▶ Task to carry out
Please copy exactly the part of the records below that opens with the line containing "a plate of food" and closes with the line containing "Karles McQuade plays", leaving out any pictures.

▶ Material for this task
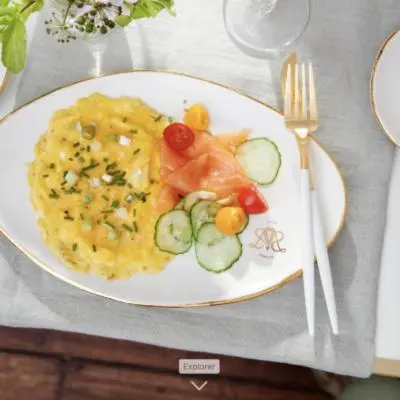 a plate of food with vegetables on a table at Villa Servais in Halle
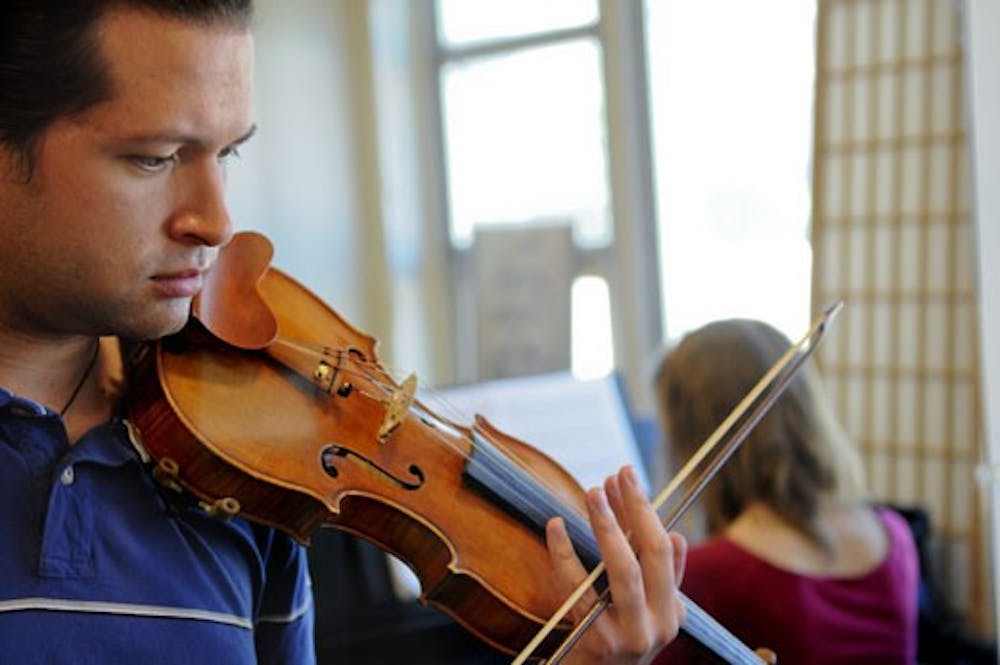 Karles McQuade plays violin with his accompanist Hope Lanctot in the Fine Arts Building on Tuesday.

--

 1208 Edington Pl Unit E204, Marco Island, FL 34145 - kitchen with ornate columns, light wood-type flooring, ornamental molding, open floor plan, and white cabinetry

▶ Task output
 a plate of food with vegetables on a table at Villa Servais in Halle
 Karles McQuade plays violin with his accompanist Hope Lanctot in the Fine Arts Building on Tuesday.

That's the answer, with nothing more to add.